今回の判決で、来年27年4~5月のフランス大統領選挙に立候補できることになったルペンはフランスの民間テレビ局TF1の7日夜8時のニュース番組に出演し「今夜、私は大統領選挙の候補者であり、この考えを変えるつもりはあません」と早々にRNの大統領候補になる意志を正式に表明した。
破棄院の判決の行方と選挙戦の可能性
判決直後の世論調査でも、大統領決選投票ではどの候補者との対決でもルペンが勝利するという結果が出ている(IFOP〈フランス世論研究所〉)。しかし、だからと言って、ルペン側が楽観視できないのも事実だ。今後ルペンが選挙活動をどのようにして行うのか、行えるのか。厳しい戦いが予想される。
控訴審の判決では、GPS電子監視ブレスレット着用の期間を1年と定めており、大きな縛りとなっている。ルペンはこれまで、「ブレスレットを着用したまま、選挙運動はできないから、その場合には立候補しない」と言ってきた。しかし今回の判決が出た直後には、最高裁にあたる破棄院に上告すると言明した。
自分は無罪であるとともに、破棄院でブレスレット着用の刑は無効ないし減刑されるはずだから立候補には正当性があると、ルペンは強弁する。
ただ、ブレスレットを着用したままの選挙運動がどれだけ可能なのか、その期間はどのくらいになるのか。破棄院でどのような裁定が下るにせよ、今回の控訴院の判決は、司法が有罪とし、刑を科したが、その実行そのものは国民の投票による裁き、そして政治の決定にその最終的判断を委ねたというのがその真意だ。それは実はパリ軽犯裁判所の第一審の判決の本質でもあった(拙稿同上参照)。
司法と政治の競争
こうした政治的判断を重くみる風潮はフランスのような自由を重視する国の特徴であるともいえる。控訴院の裁判官は自らの判決に対して判決後、「『立候補の自由』、そして『有権者の選択、表現の条件、民主的投票の自由』を尊重した」と語った。

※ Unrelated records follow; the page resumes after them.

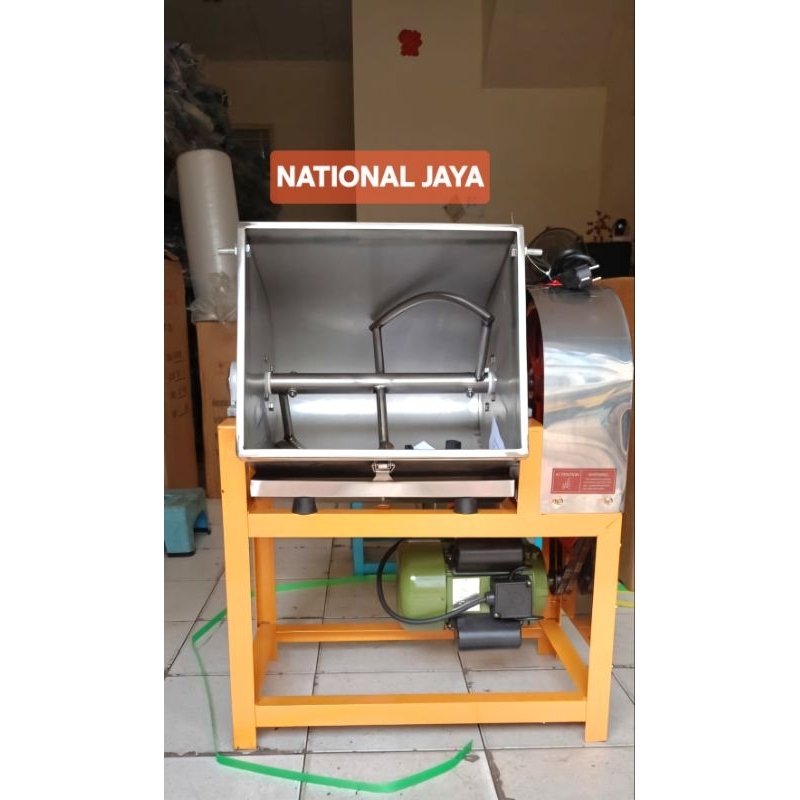 MESIN PENGADUK ADONAN 15kg UNTUK MENGADUK MIE,CILOK,PANGSIT,DIMSUM DLL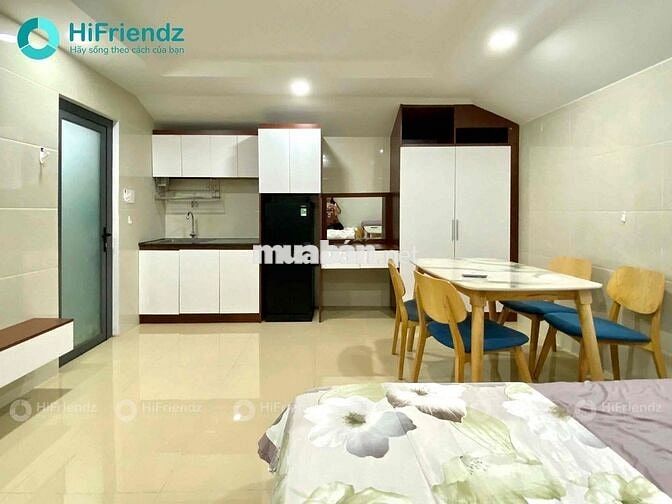 ✨ siêu phẩm studio full nội thất cửa sổ lớn - hỗ trợ giữ phòng đến T9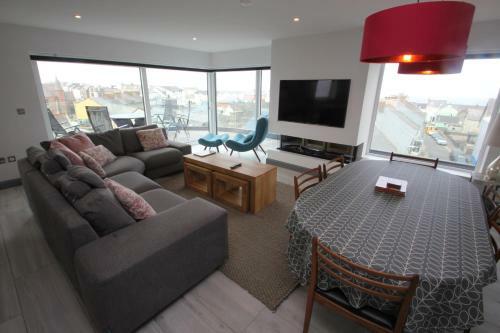 Apartamento Skerries Luxury Penthouse With Spectacular Views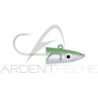 Testa piombata FIIISH Crazy Sand Eel 150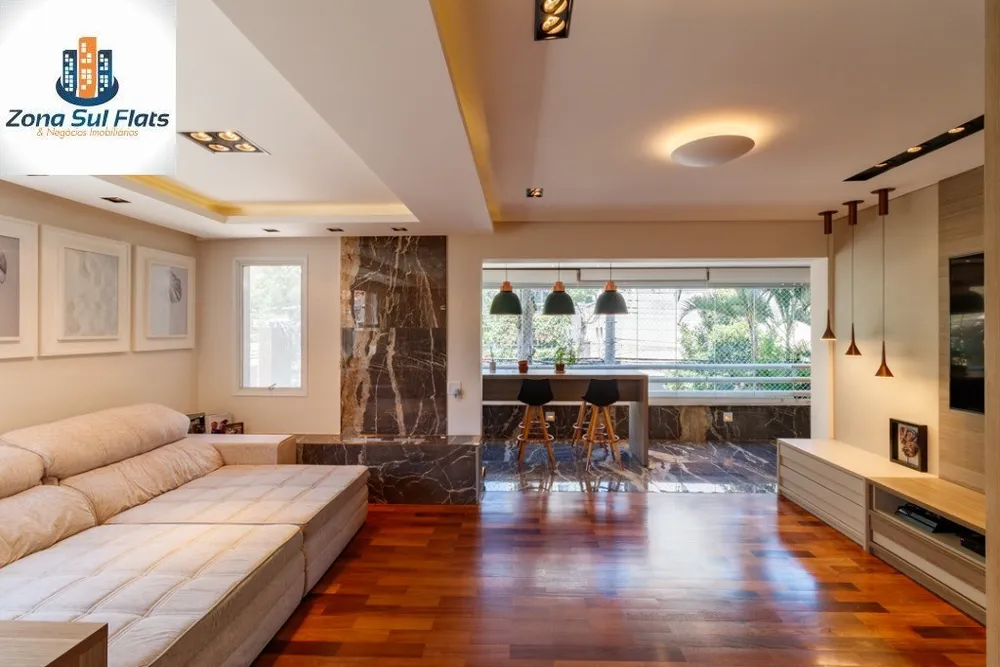 Apartamento, 3 quartos, 137 m² - Foto 2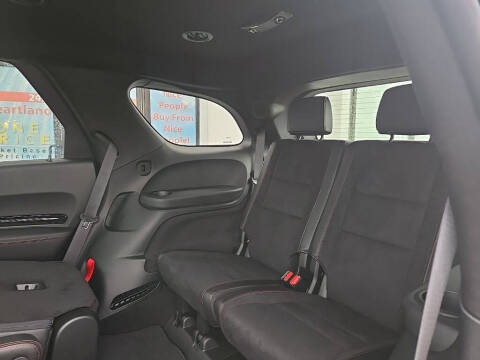 2026 Dodge Durango GT Plus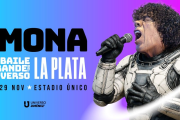 Entradas para La Mona Jiménez en La Plata: precios y cómo comprar los tickets
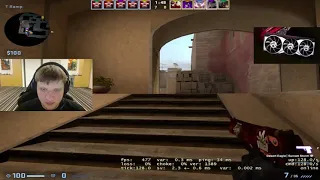 s1mple being deagle god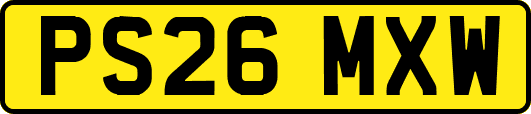 PS26MXW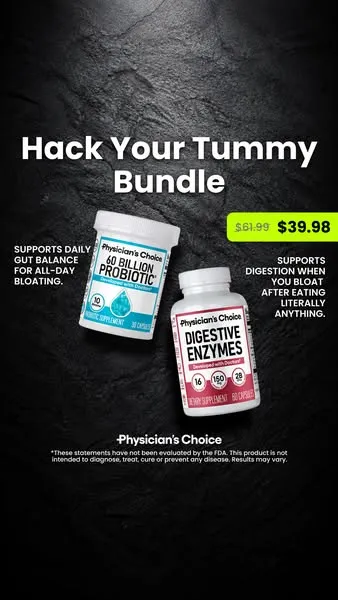Physician's Choice ad, Library ID 2012959309357292
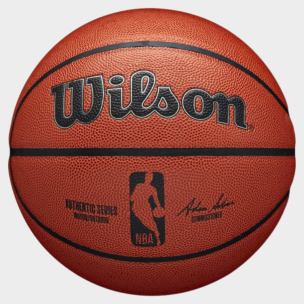 Μπάλα Μπάσκετ Wilson NBA Authentic Indoor / Outdoor (WTB7200XB07)
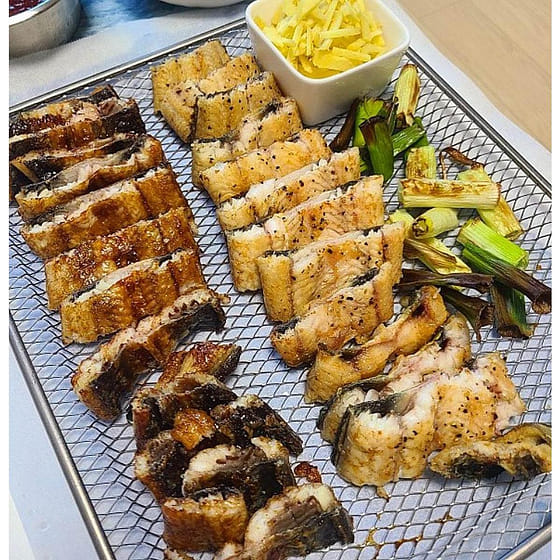 weee_frozen_한국산 자포니카 초벌민물장어 1미 250 그램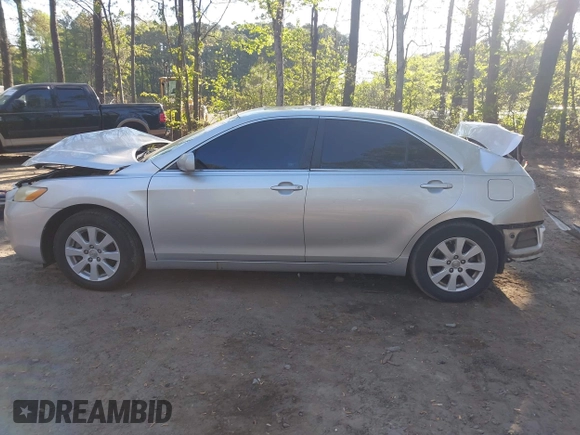 2009 Toyota Camry with VIN 4T1BE46K29U356445, listed as a IAAI auction lot 42026341 with 162,797 mi miles. Bid and sale history available at carsss.com. Image 14.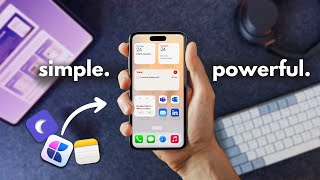 How I Turned My iPhone Into a Productivity Machine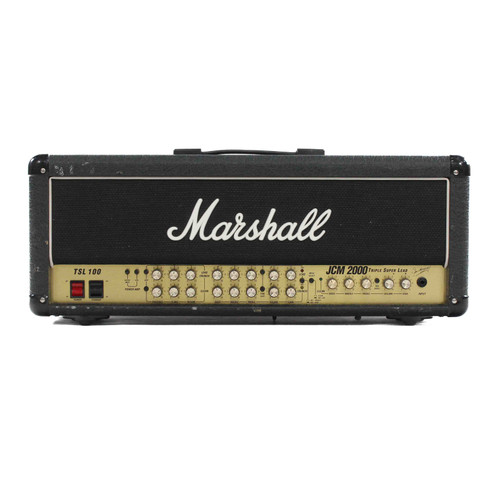 Vist Large View of Product Image Which is Used Marshall JCM2000 TSL100 Tube Guitar Amplifier Head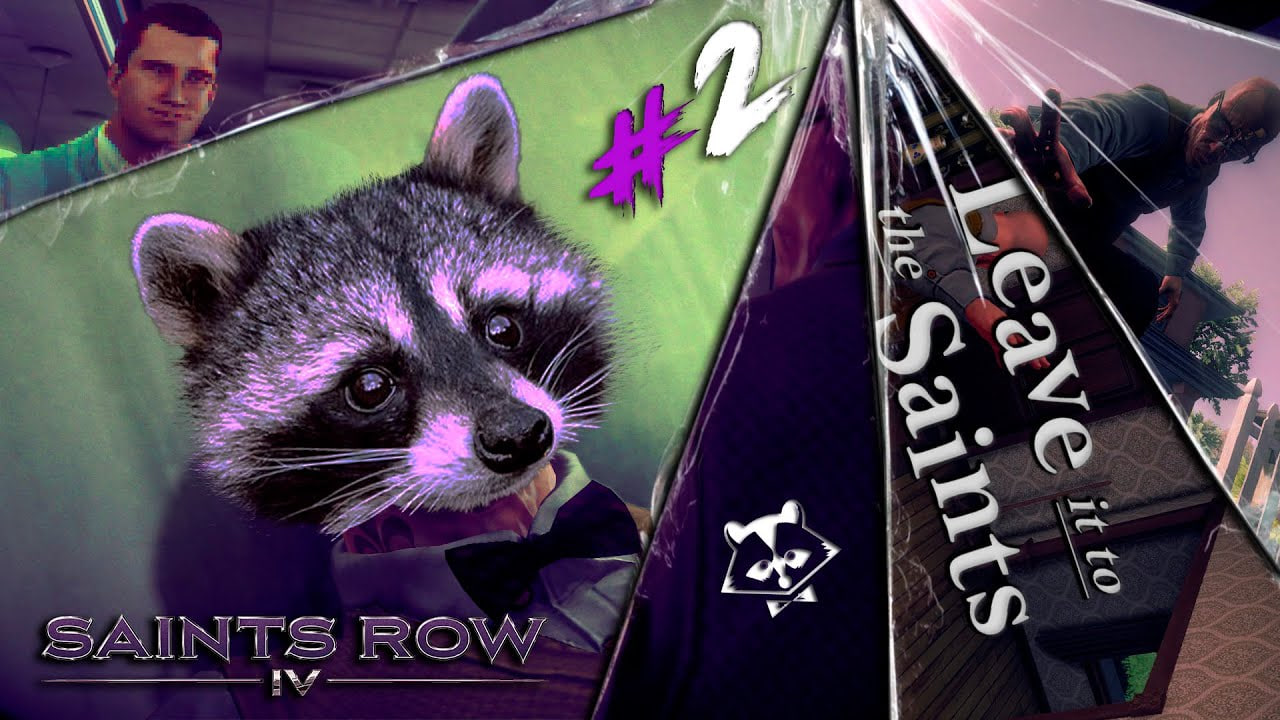 ЖИВИ КАК СВЯТОЙ ◥◣ ◢◤ Saints Row IV #2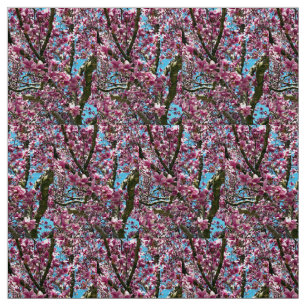 De Boom van de tulp Stof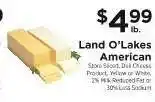 ShopRite Land O Lakes American offer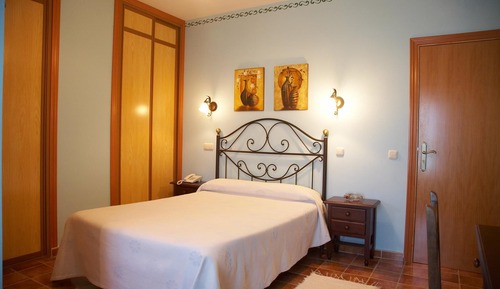 Chambre Triple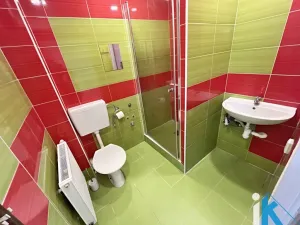 Pronájem bytu 2+kk, Prostějov, Joštovo nám., 49 m2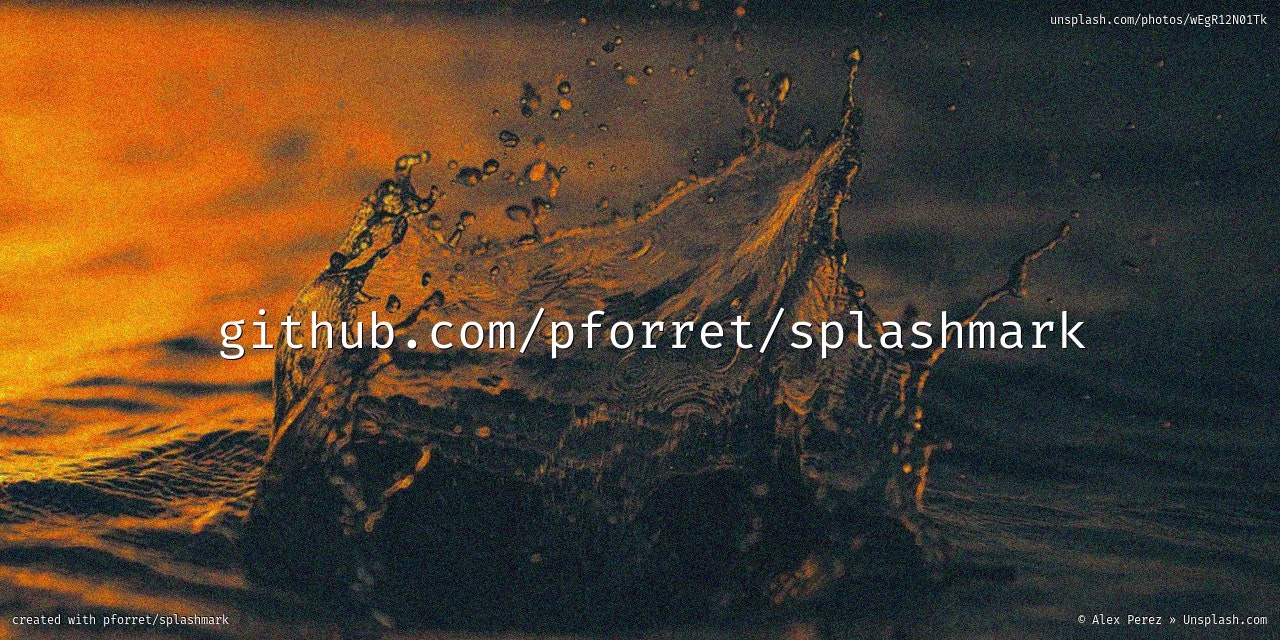 Splashmark gallery image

「あなたはこの判決に満足ですか」というメディアの質問に「部分的には、ね」と繰り返した。
司法で裁けるのはここまでだという気持ちを伝えたかったのではないか。上辺では共和主義者を名乗りつつ、その真意は疑わしいとはいえ、世論調査でトップの政党の代表者を司法の論法だけで裁いてよいのか。
本件で言えば、ルペンが言うように議員秘書の給与や資金の流用は自分たちだけではない、自分たちはむしろ政治の生贄にされた、という言い分の判断は難しい。その意味では政治家のスキャンダルがあまねく政治的動機に発しているといって過言でないことは周知のことだからである。
今回の例で言えば、悪例の先例となるかもしれないが、大統領の最有力候補を司法の手続き的解釈で抹殺してよいのか。政治の問題だ。これはどこにでもある永遠の課題だ。